=== Begin Enclosure ===
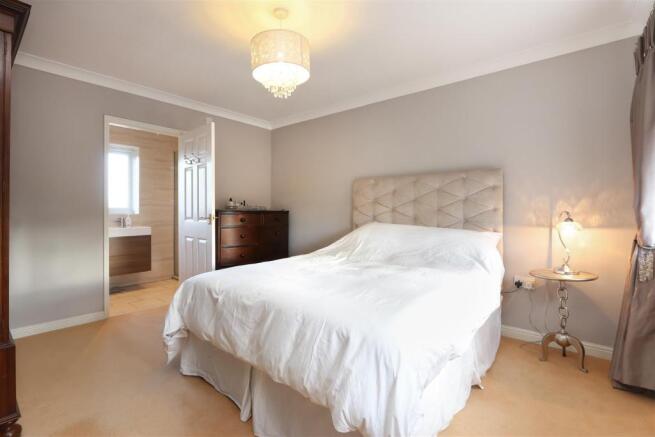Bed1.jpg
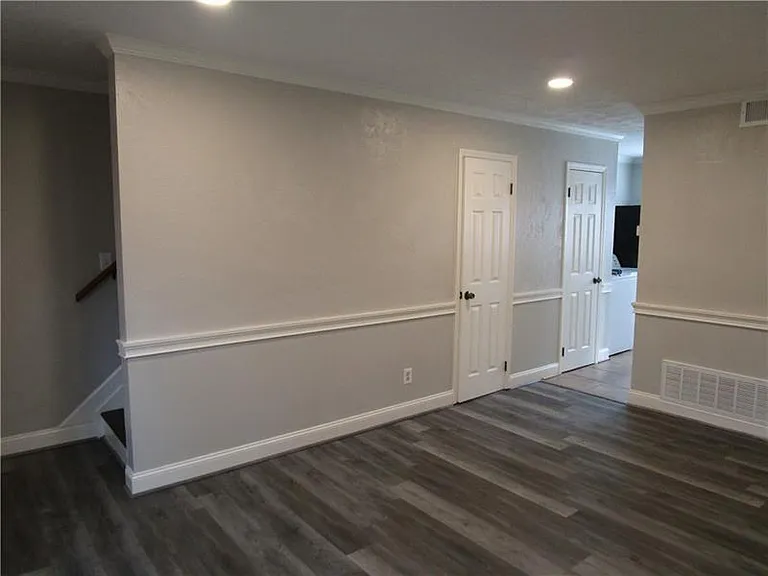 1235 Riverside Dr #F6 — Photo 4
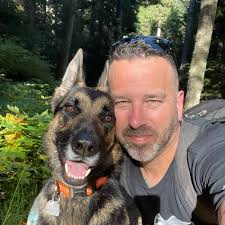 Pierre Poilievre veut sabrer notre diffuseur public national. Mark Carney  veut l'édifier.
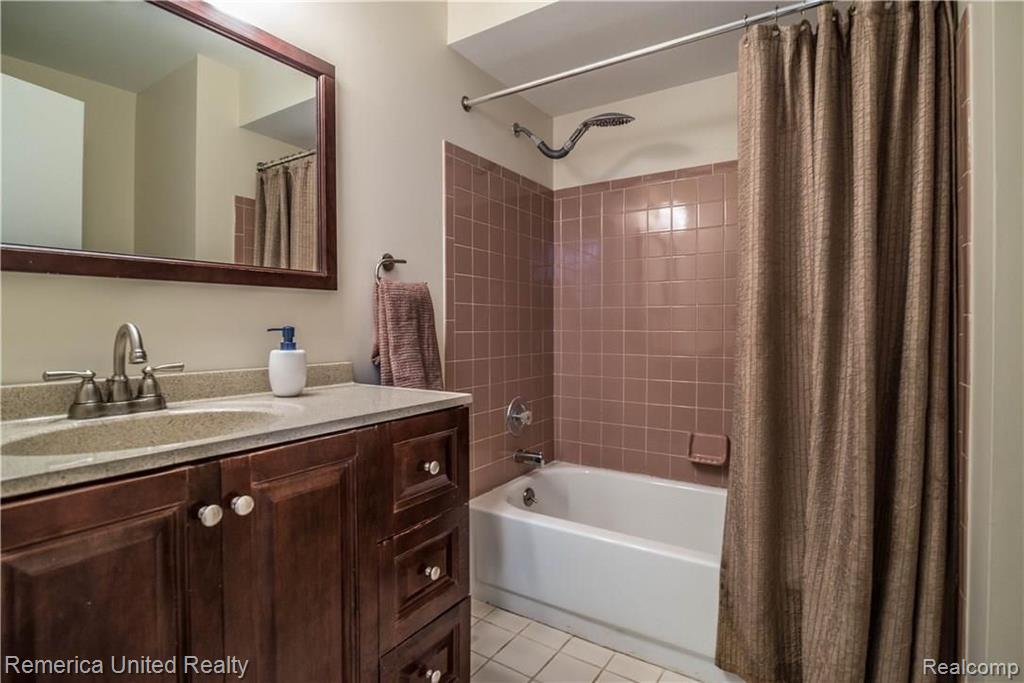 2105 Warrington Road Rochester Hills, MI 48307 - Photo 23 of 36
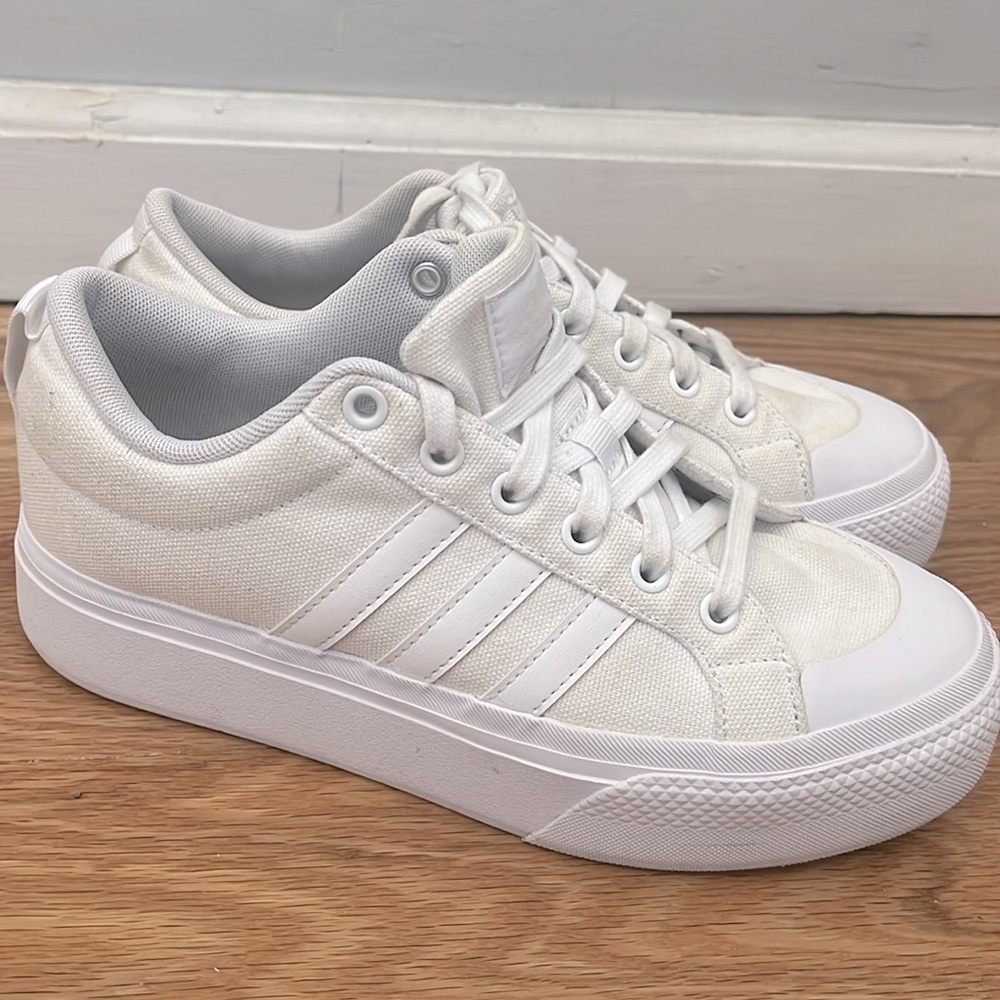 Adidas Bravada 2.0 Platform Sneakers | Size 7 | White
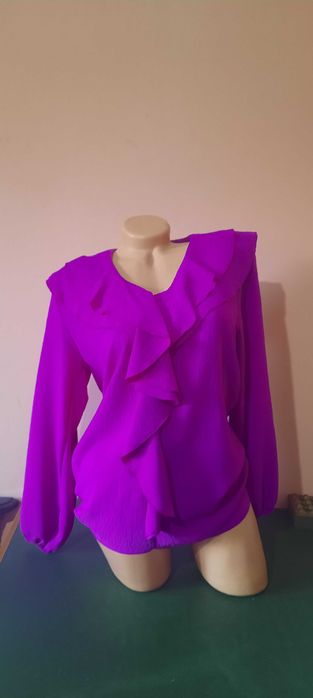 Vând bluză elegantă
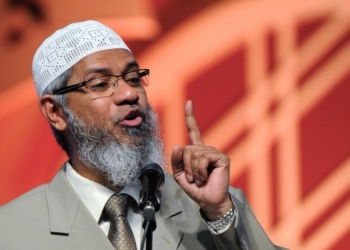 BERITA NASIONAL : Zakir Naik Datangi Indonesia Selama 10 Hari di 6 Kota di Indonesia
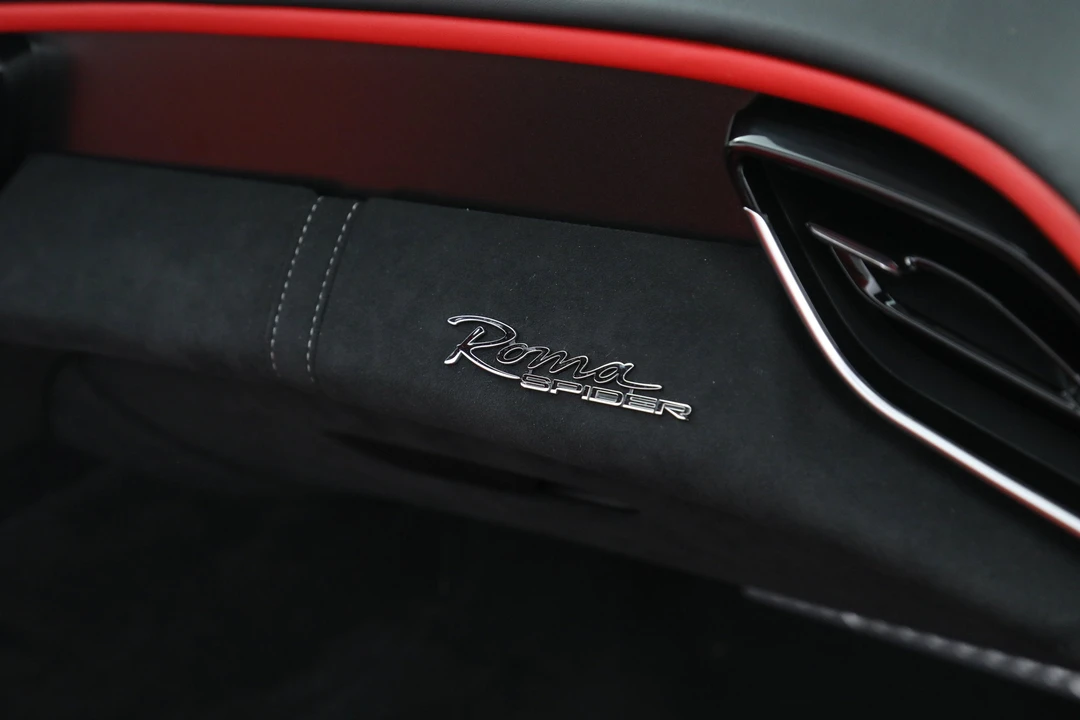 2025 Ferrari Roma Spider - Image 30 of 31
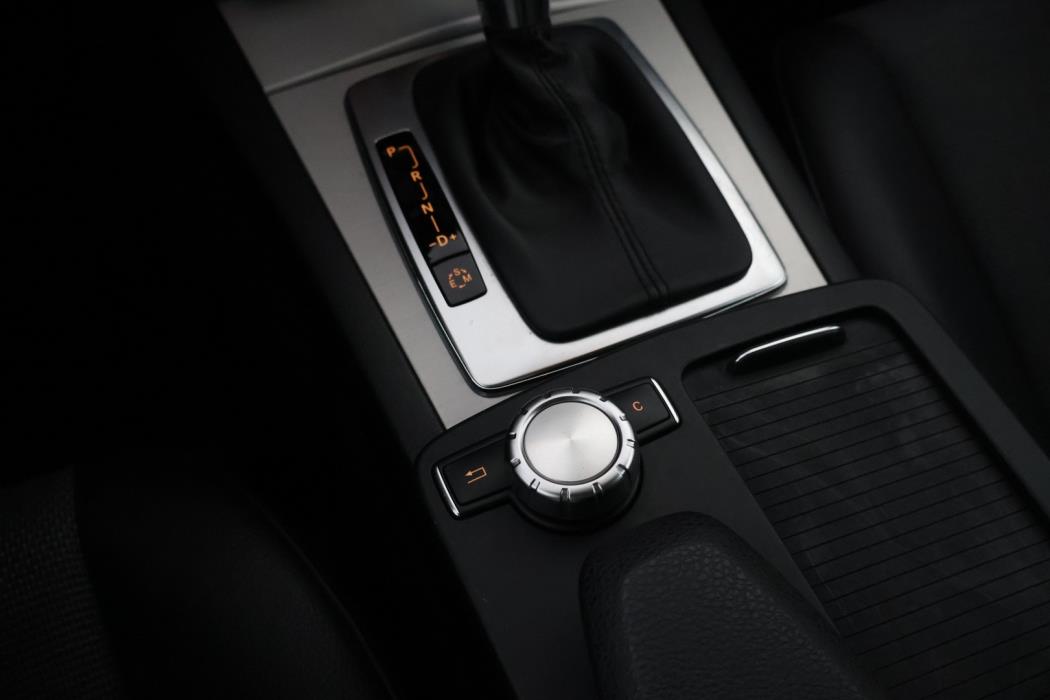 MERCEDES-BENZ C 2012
=== End Enclosure ===
=== Begin Enclosure ===
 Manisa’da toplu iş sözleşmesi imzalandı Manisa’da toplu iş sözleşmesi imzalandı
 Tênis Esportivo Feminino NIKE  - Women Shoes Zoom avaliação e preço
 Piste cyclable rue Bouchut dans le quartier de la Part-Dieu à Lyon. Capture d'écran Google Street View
=== End Enclosure ===
**Try it**
Begin at the line that has "Tênis Esportivo Feminino" in the entries above; stop after the line that has "Piste cyclable rue". Transcribe exactly those lines and no others.

**Answer to the problem**
 Tênis Esportivo Feminino NIKE  - Women Shoes Zoom avaliação e preço
 Piste cyclable rue Bouchut dans le quartier de la Part-Dieu à Lyon. Capture d'écran Google Street View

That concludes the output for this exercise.